The All-American right-hander Covey (5-4) went
7.2 innings, surrendering three earned and striking out two in
120 pitches.
“The scouting report said he was kind of all over
the place,” Aztecs first baseman Ryan Muno said. “He’s an AFLAC
All-American, all credit to him. He’s a good pitcher. It was
just a matter of him throwing strikes, and today he kind of
did.”
“This has been us all year,” Toreros head coach
Rich Hill said. “You look at Troy Conyers in the WCC
championship, Dylan Covey today and all that he’s been through,
to come out on the biggest stage and throw a gem like that.”
For Covey, it was in important start to prove
what he couldn’t in the first game of the season, when he lasted
just three innings against the Aztecs, giving up six runs (five
earned) on eight hits.
“I started the first game of the season against
San Diego State and kind of got touched up a little bit,” Covey
said. “A lot of their guys, they have kind of an interesting
game plan. They work to pull but then they can touch that inside
fastball so nothing could be over the middle of the plate. And
the offspeed had to be dirty as can be and it was today.”
It was Michael Cederoth (3-9) who looked to have
the better stuff initially.

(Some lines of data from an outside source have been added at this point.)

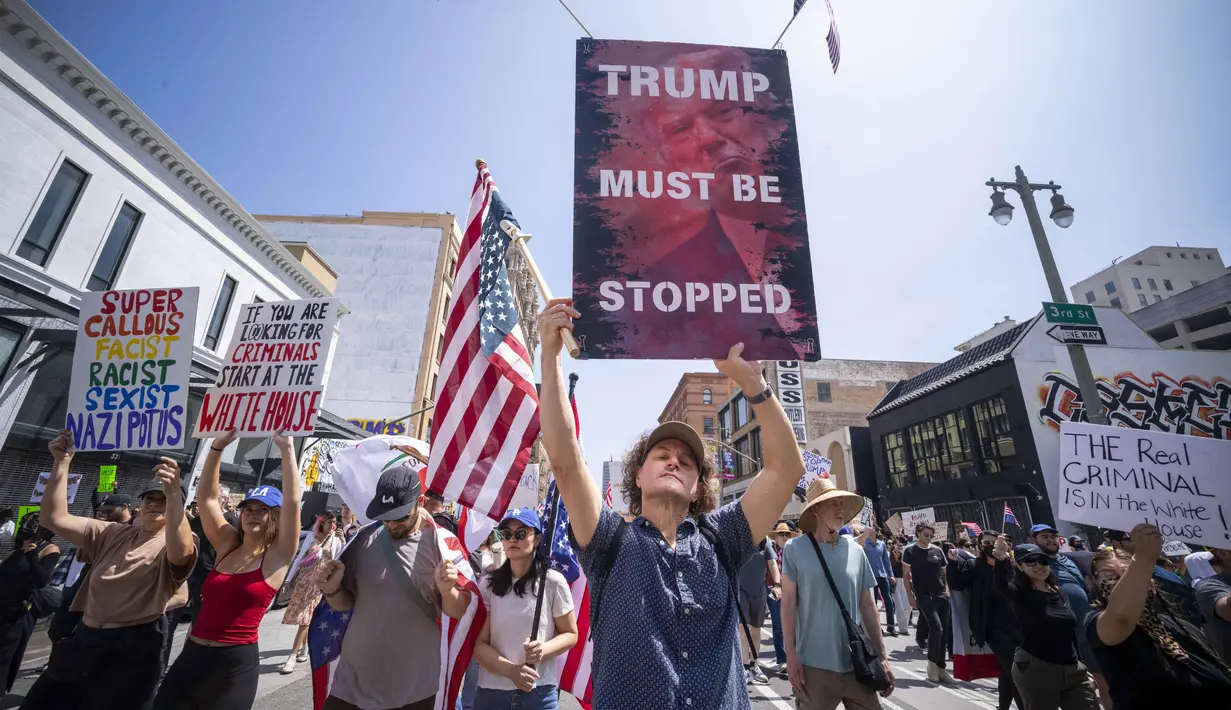Demonstrasi ini terjadi menyusul gelombang protes atas razia terhadap para migran yang dimulai sekitar dua minggu lalu, yang diikuti perintah Trump untuk mengirim Garda Nasional dan marinir ke Los Angeles. (RINGO CHIU/AFP)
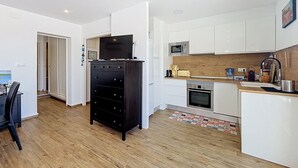 A modern kitchen with white cabinets, a wooden countertop, and a black entertainment unit. - BONREPOS 2 Roses / Roses - INTERimmo (Rosas / Roses)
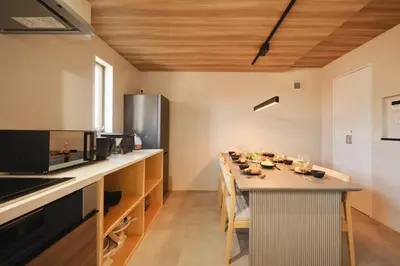 a large kitchen with a long table in it at \u672c\u753a3a\u30db\u30c6\u30eb in Tokyo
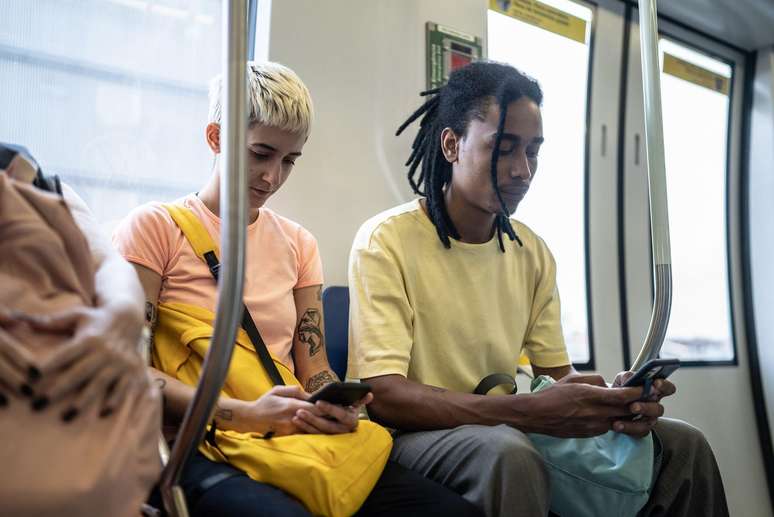 Uma mulher e um homem sentados num vag&atilde;o de metro olham para a tela do celular 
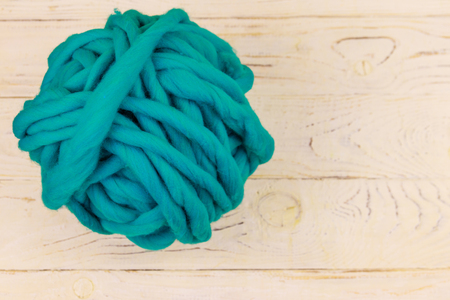 Merino wool yarn ball on white wooden background. Top viewの写真素材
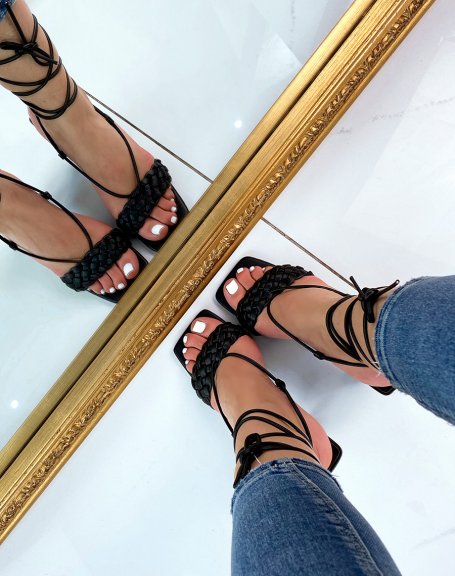 Black heeled sandals with braided strap and long straps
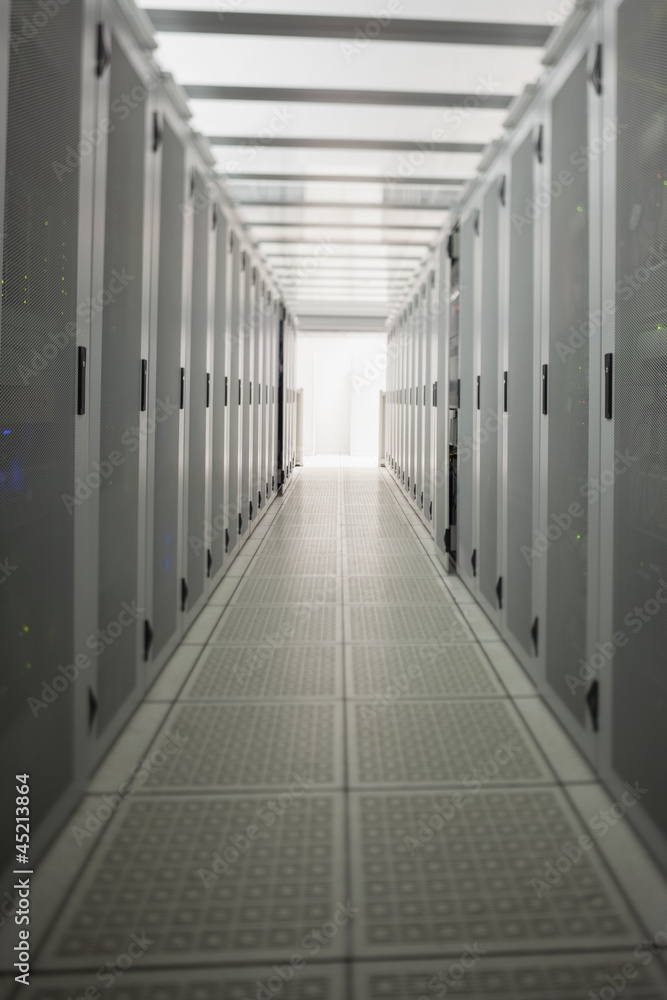 Hallway with a row of servers Hallway with a row of servers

The Aztecs maintained a 2-0 lead
until the bottom of the fifth when the Toreros broke out.
A bases-loaded walk to Connor Joe put the Toreros
on the board, and Cederoth then was pulled in favor of Philip
Walby.
“All the pressure was on him, he had to come to
me,” USD catcher Austin Green said. “All I was looking for was
one pitch.”
Green got his pitch, a fastball, and drove a
double through the left gap to score two.
San Diego scored two more in the inning after
shortstop Evan Potter overthrew a cutoff at third and tacked on
one more in the sixth.
The Toreros will face the loser of Saturday’s
nightcap between No. 1 UCLA and No. 2 Cal Poly, Sunday afternoon
at 2 p.m.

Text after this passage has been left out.